When you think corals, you probably think tropical. But did you know that we have our very own coral here on Cape Cod?
Learn all about Astrangia poculata, MBL’s research, and take a peek at some underwater footage with Associate Scientist Loretta Roberson in our latest #MBLSciShoots video.
Questions from the Audience
Are the soft type corals on Cape Cod as threatened by coral bleaching and ocean acidification as hard corals?
The soft corals you might find around Cape Cod (like Alcyonium) do not have symbiotic dinoflagellates living in their tissues like the hard coral Astrangia or their tropical relatives. They normally live in deep water where there is not enough light for photosynthesis. They also don’t have a solid hard skeleton but rather have lots of microscopic pieces called sclerites that add some toughness to the coral and protection from predators, but allows the coral to be flexible. They are made from calcium carbonate, just like the skeletons of hard corals, and so can be impacted by ocean acidification, but basic physiology like respiration can be negatively impacted by decreases in pH and so many animals, especially mobile invertebrates like squid, are most at risk by the greater threat of acidification in higher latitudes like Woods Hole.
Is any other sea life attracted to the artificial reef?
Definitely! If you play through the reef video slowly you might see some of these attached to the blocks or flitting around in the holes and crevices. We deployed the reef in summer 2019 and within a week we already saw fishes especially juvenile black sea bass and cunner hanging around, as well as lots and lots of periwinkle snails. Later we saw algae, a number of bryozoans, and hydroids. This summer we hope to survey the ARMS (autonomous reef monitoring structure) we added to the reef structure last fall and look forward to discovering more sea life!
What are some other species of cold water corals?
Surprisingly, there are quite a few species of corals that thrive in cold water. However, these species are usually found in the deep sea. The Smithsonian Institution has a nice webpage that contains a lot of information on their biology, research, and conservation. Astrangia is the only hard coral you are likely to encounter in Woods Hole, but in deep water you can find more branching types like Oculina and Lophelia. Scientists have actually only recently discovered many of these reefs, as we know so little about the deep sea, but they can be extensive and just as beautiful as their more tropical cousins. NOAA has a great story map about a survey done to document deep-sea coral habitats off the northeastern United States.

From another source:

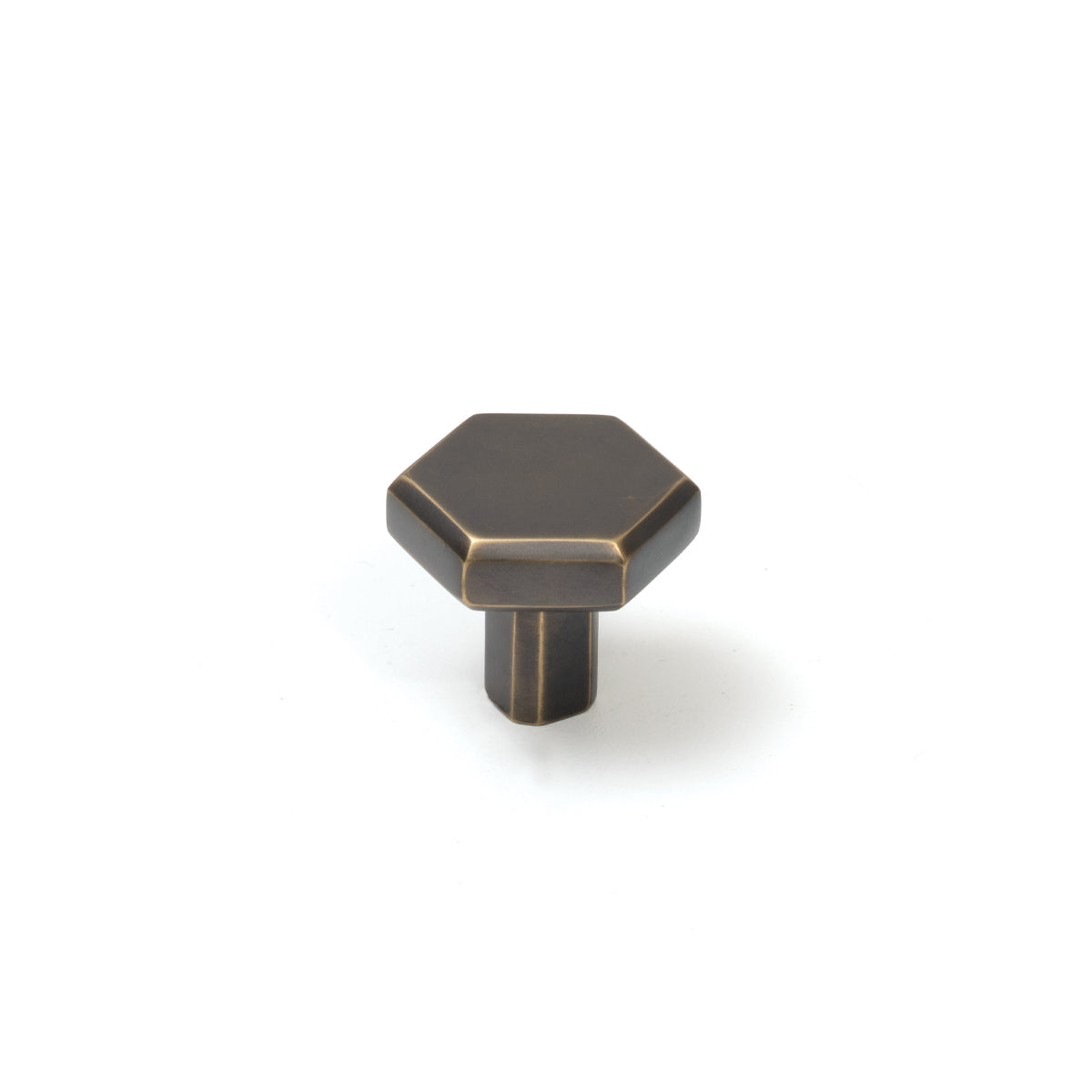 Momo Hendrix cabinet knob in brushed antique brass finish, round metal handle for kitchen or furniture drawers.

What’s the furthest north corals can grow?
Hard corals have actually been found in both the Arctic and Antarctic Oceans, but these are very slow growing, deep water species like Lophelia. Astrangia in Woods Hole is probably the highest latitude (41°N) where corals with symbiotic dinoflagellates have been found. However, if we look at solely tropical species that form reefs, the furthest north you can find them are in Japan, Mexico (Sea of Cortez, 29°N), and Israel (Eilat, 29°N). The northernmost reef was recently discovered off of Tsushima Island, Japan at a latitude of 35°N. While temperatures there do not vary as widely as they do in Woods Hole, the corals at this high latitude site experience a range of 13 °C to 27 °C on average. Pretty impressive!
How selective is Astrangia for the species of symbiont? Is it the same species throughout its range?
Great question! That is exactly what we want to figure out! Can different species of dinoflagellates grow in Astrangia? How do the different species impact growth rates or temperature sensitivity in the coral? Can multiple species live together in the same colony? This is something we know for a handful of coral species but has been poorly studied in Astrangia. We don’t even know if they harbor the same species of symbiont throughout its range, or if they change seasonally like some corals do on northerly reefs like on Bermuda. We have had some success in reinfecting bleached Astrangia with two different types of symbionts, but we need to do more testing including genetic confirmation that the symbionts are who we think they are.